• EXERCISE BRIEF
Please write out all of the entries beneath this line exactly, skipping the pictures.

• DATA LISTING
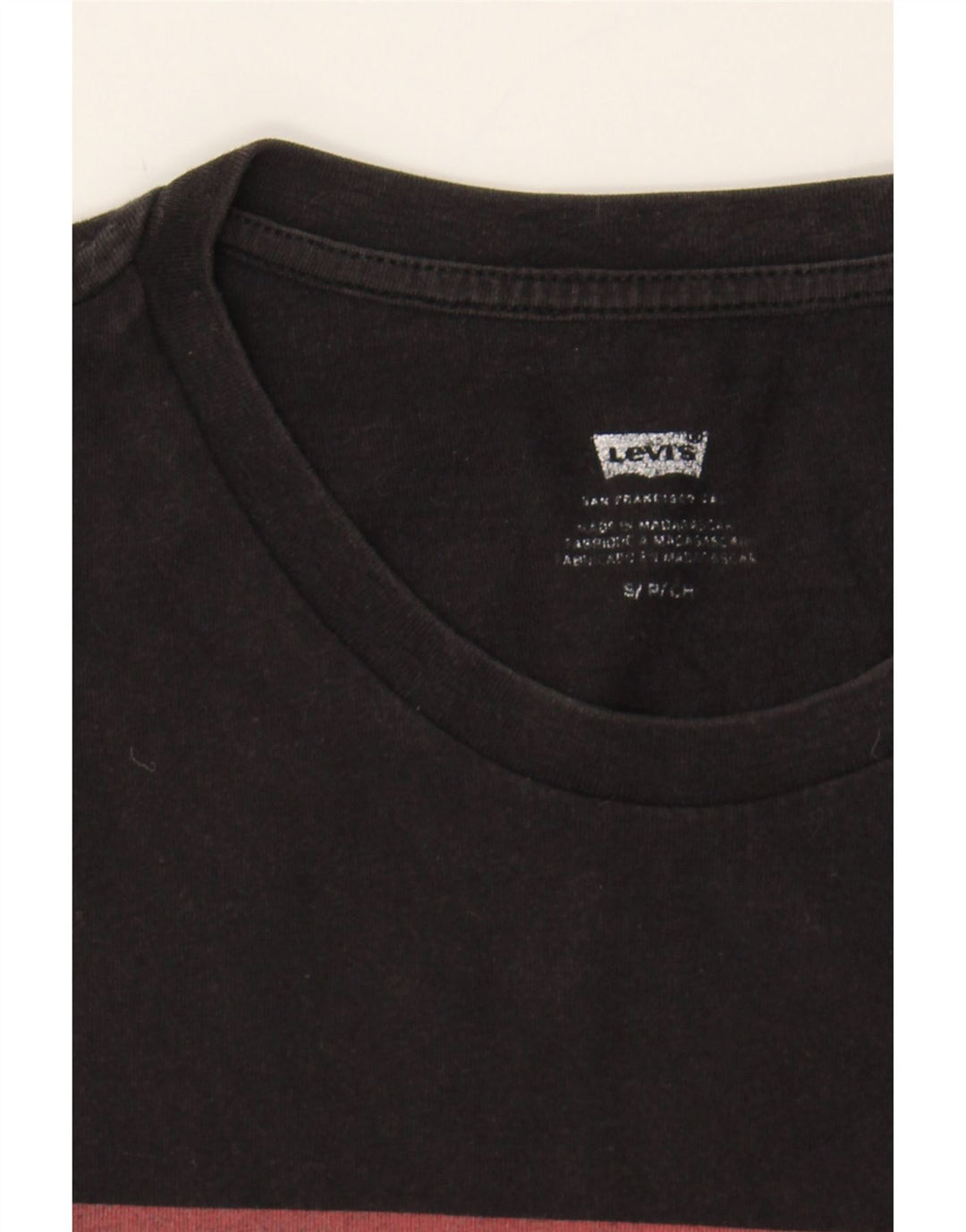 LEVI'S Mens Graphic T-Shirt Top Small Black Cotton Vintage Levi's and Second-Hand Levi's from Messina Hembry 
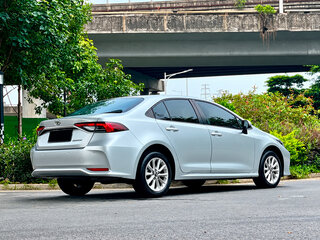 2023 Toyota Corolla XII (E210), серебристый, 1395000 рублей, вид 4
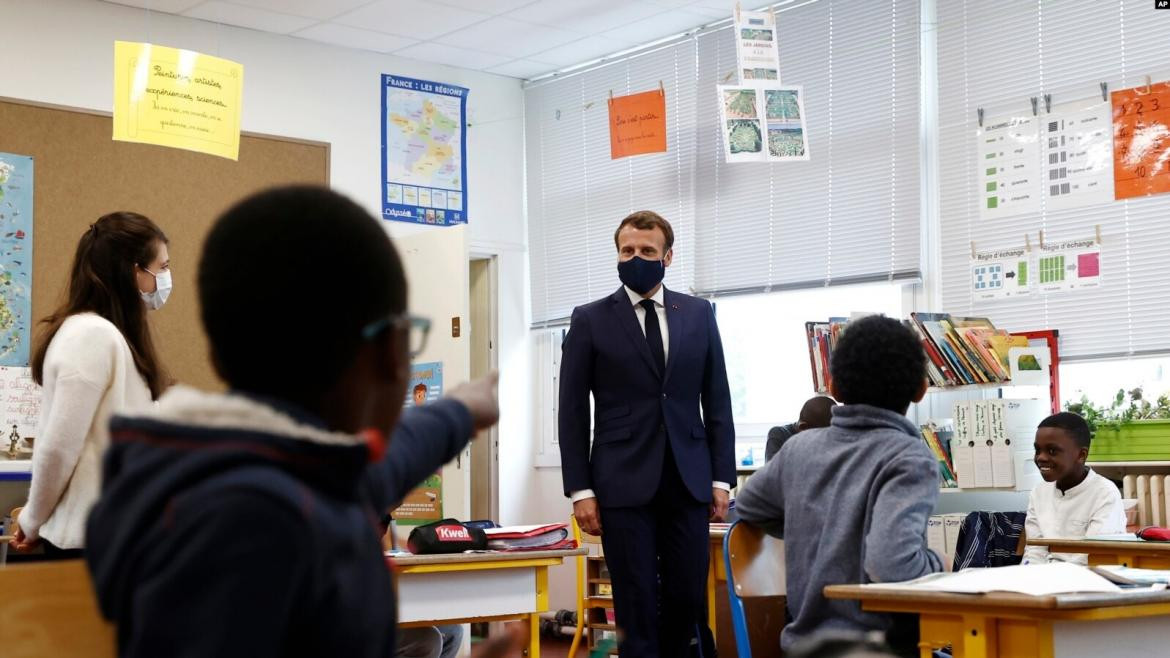 Quitan obligatoriedad de usar barbijos en las aulas en Francia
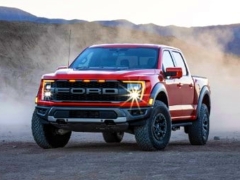 The Ford F-150 Hybrid left the F-150 Raptor in the dust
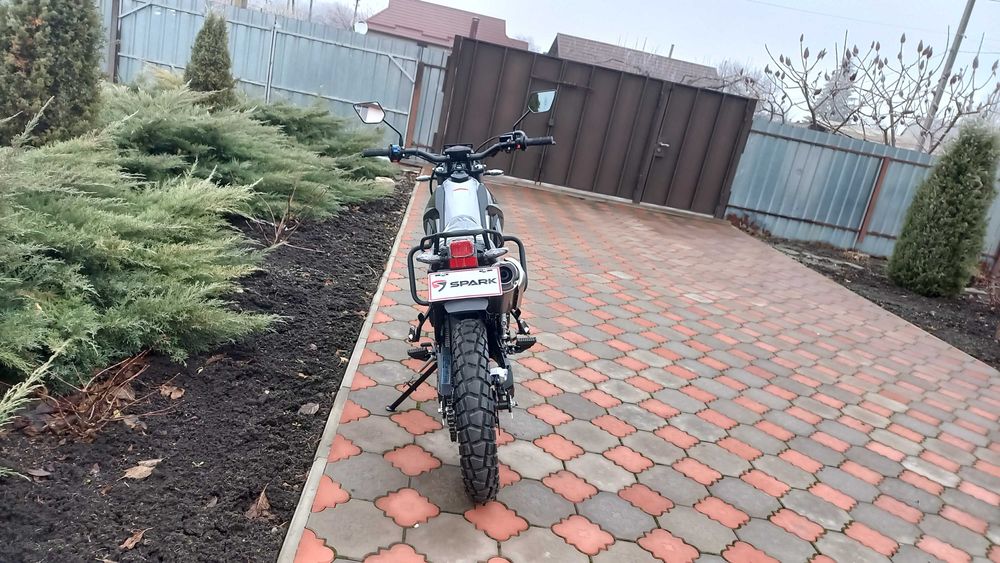 Продам новий мотоцикл SPARK SP250D-3 м-н" Мото-Рай", м.Синельникове.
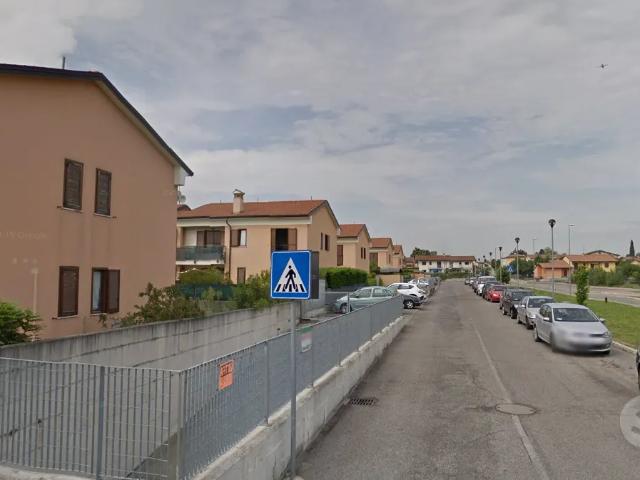 Appartamento in affitto a Castelnuovo del Garda, Verona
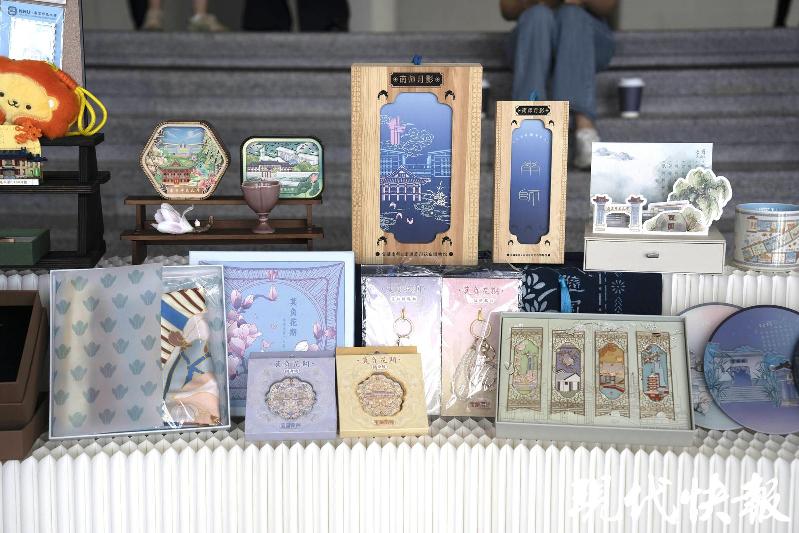 文化中国行 | 从博物馆展柜到年轻人的书包,文物正在“活”起来 文化中国行 | 从博物馆展柜到年轻人的书包,文物正在“活”起来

• RESPONSE TO THE TASK
 LEVI'S Mens Graphic T-Shirt Top Small Black Cotton Vintage Levi's and Second-Hand Levi's from Messina Hembry 
 2023 Toyota Corolla XII (E210), серебристый, 1395000 рублей, вид 4
 Quitan obligatoriedad de usar barbijos en las aulas en Francia
 The Ford F-150 Hybrid left the F-150 Raptor in the dust
 Продам новий мотоцикл SPARK SP250D-3 м-н" Мото-Рай", м.Синельникове.
 Appartamento in affitto a Castelnuovo del Garda, Verona
 文化中国行 | 从博物馆展柜到年轻人的书包,文物正在“活”起来 文化中国行 | 从博物馆展柜到年轻人的书包,文物正在“活”起来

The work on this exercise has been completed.